Writing in Science Translational Medicine, disease ecologist Amandine Gamble and colleagues outline a string of examples showing how companion animals and neighborhood strays carry a risk of zoonotic spillover distinct from wild animals and livestock.

They argue that this risk is underappreciated, and though it may be small and limited to rare occurrences, it nonetheless poses a real health threat because of the proximity of pets and strays to humans.

"These animals can play critical roles in zoonotic spillover by enabling the maintenance of a zoonotic pathogen, facilitating its spatial spread, acting as a bridge between otherwise unconnected species, or providing particular opportunities for its evolution," Gamble and colleagues write.

Pathogens don't have to cause a pandemic or even an epidemic to be zoonoses; any infection that spills over into humans is classed as a zoonotic one.

The trouble is, a number of infections that spread from pets into humans are likely underestimated because we don't keep close tabs on them – or recognize which animals can transmit them. This hampers surveillance efforts.

Chlamydia psittaci is a bacterium that spreads from pet parrots to humans, and backyard poultry could also be a reservoir for Salmonella, which causes gastrointestinal upset. These are just two of the more than 70 pathogens of companion animals known to be transmissible to people.

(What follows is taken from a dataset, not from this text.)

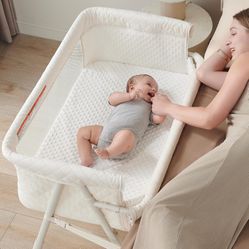 Bassinet Bedside Sleeper, Baby Crib for Newborn, Baby Bassinets Bedside Sleeper with 4 Auto-Lock & Adjustable Height, Brea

With bats and horses being other well-known sources of zoonotic diseases in urban areas, Gamble and colleagues focus their attention on dogs and cats, particularly free-roaming and feral ones.

Where pet owners are more likely to have closer contact with indoor cats, cats that roam outdoors and feral felines have more chance of picking up pathogens – including some you might not expect.

The plague is historically associated with rats and their fleas, but cats can act as a link in the chain of infections of the bacterium Yersinia pestis, which causes different forms of this still-fatal disease.

"Numbers of infections are low, but plague is endemic in 17 western US states, and many of the small mammals on which cats prey carry Y. pestis," Gamble and colleagues write.

So if you need another reason to keep your cat indoors, here it is: "Consequently, outdoor cats and cats with incomplete veterinary care, combined with human interaction, suggest that cat-transmitted plague can be considered an increasing public health risk."

Earlier this year, researchers similarly recognized overlooked animal sources of another disease that has been with humans for centuries: leprosy.

Different animals are also becoming more likely vectors as climate change alters species interactions, such as birds becoming reservoirs of tick-borne Lyme disease.

Concerns are also growing after highly pathogenic bird flu viruses were detected in Polish pet cats in June 2023; no human cases have been reported but the source remains unclear.

Gamble and colleagues warn that we need to get a handle on the diversity of animal populations involved in the spread of zoonotic diseases, to improve surveillance and design more effective control measures.

"It is critical to implement surveillance programs allowing us to track changes in pathogen dynamics," the researchers conclude, adding that "feral populations should not be overlooked over pet populations."

The study has been published in Science Translational Medicine.